The Finnish tax rate change from 24.5% to 20% from 1 January 2014 was substantially enacted for the purposes of IAS 12, Income taxes on 17 December 2013. Deferred tax should be recorded at the new rate in Q4 2013.
The Finnish Government announced a 4.5% decrease in the corporate income tax rate in spring 2013 and this was further confirmed in budget announcements in August 2013. The Government Bill introducing the corporate income tax rate change (HE 185/2013 vp) was passed by the Parliament on 17 December 2013 and was signed by the President on 30 December 2013.
In Finland the Government issues its legislative proposals as a Government Bill (Hallituksen esitys) which initiates the process in Parliament. After approval by Parliament and signature by the President, the law enters into force.
Deferred tax assets and liabilities are measured under IFRS at the tax rates that are expected to apply to the period when the asset is realised or the liability is settled, based on tax rates (and tax laws) that have been enacted or substantively enacted by the balance sheet date. The IASB (International Accounting Standards Board) has noted that substantive enactment occurs when any future steps in the enactment process will not change the outcome.
Given the Finnish legislative process and practice, our view is that the point of substantive enactment in Finland for IFRS reporting purposes occurs when the Parliament approves the legislation. We expect that the timing would be the same under Finnish Accounting Standards.
Under US GAAP (ASC 740) the measurement of current and deferred tax liabilities and assets is based on provisions of the enacted tax law; the effects of future changes in tax laws or rates are not anticipated. The point of enactment in Finland for US GAAP reporting purposes occurs when all the steps in the legislative process are passed and the President signs the legislation.
For IFRS reporting purposes, companies with balance sheet dates on or after 17 December 2013 should measure deferred tax assets and liabilities being realised or settled on or after 1 January 2014 based on the new 20% rate.
For US GAAP reporting purposes, companies with balance sheet dates on or after 30 December 2013 should measure deferred tax assets and liabilities being realised or settled on or after 1 January 2014 based on the new 20% rate.
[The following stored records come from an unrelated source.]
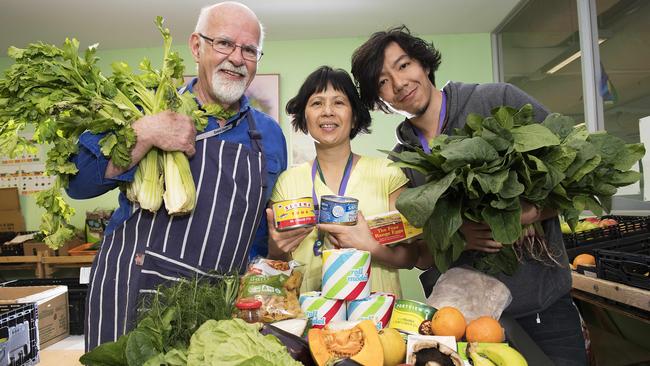 The Asylum Seeker Resource Centre food bank received a Feed Melbourne Appeal grant last year. Pictured are volunteers Brian Derum, Uyen Nguyen and Dave Hu. Picture: Ellen Smith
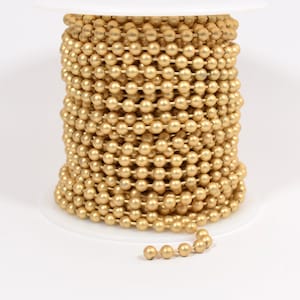 May include: A spool of gold-colored chain with round links. The chain is wound around a white spool.
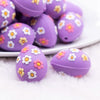 close up view of a pile of 3D Purple Egg with Flowers Silicone Focal Bead Accessory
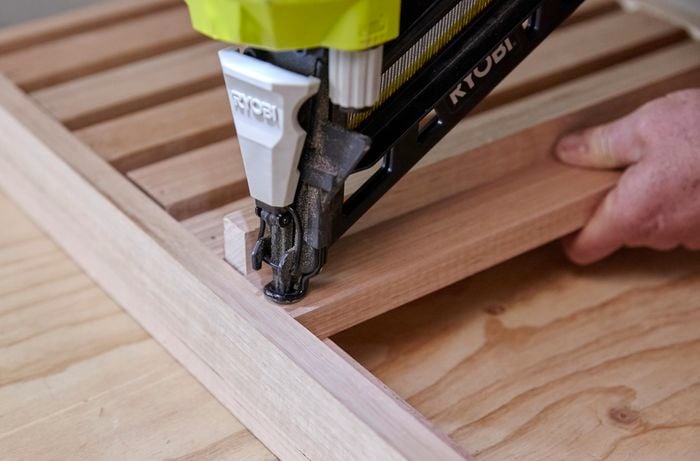 Person nailing slats to table frame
In practice, deferred tax assets and liabilities in the balance sheet as at 31 December 2013 should be fully measured with the new tax rate of 20%, for IFRS and US GAAP reporting purposes.
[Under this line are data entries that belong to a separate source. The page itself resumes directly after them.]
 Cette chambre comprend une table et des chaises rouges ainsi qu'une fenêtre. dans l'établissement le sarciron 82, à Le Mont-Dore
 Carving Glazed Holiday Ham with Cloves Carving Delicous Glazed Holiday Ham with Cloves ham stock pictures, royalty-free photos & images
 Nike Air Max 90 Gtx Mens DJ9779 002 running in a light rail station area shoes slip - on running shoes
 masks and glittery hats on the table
The effect of the change in tax rates on deferred tax balances is generally disclosed as a component of the income tax expense and/or a reconciling item in the effective tax reconciliation.
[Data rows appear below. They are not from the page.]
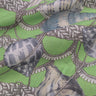 Close-up of fabric with nautical pattern featuring shells and ropes on a green background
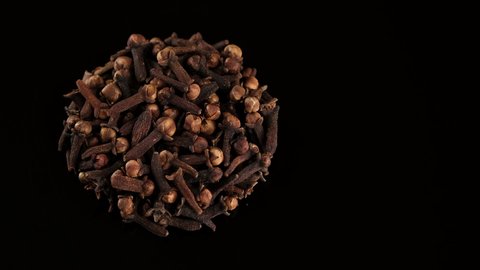 Whole Cloves on black background, rotate. Spice cloves. 4K UHD video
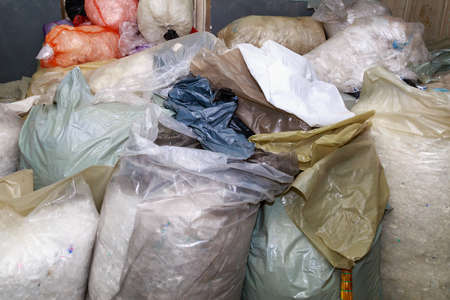 Sorted plastic and polyethylene for recycling. Factory garbage warehouse background. Environment ecology concept.の写真素材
In the tax rate reconciliation, the starting point is often the parent company’s effective tax rate. For Finnish groups with calendar year ends, this will affect the 2014 effective tax reconciliation for the first time. The basis on which the applicable tax rate is computed as well as changes compared to the previous accounting period should also be disclosed. Again this is likely to affect the 2014 financial statements.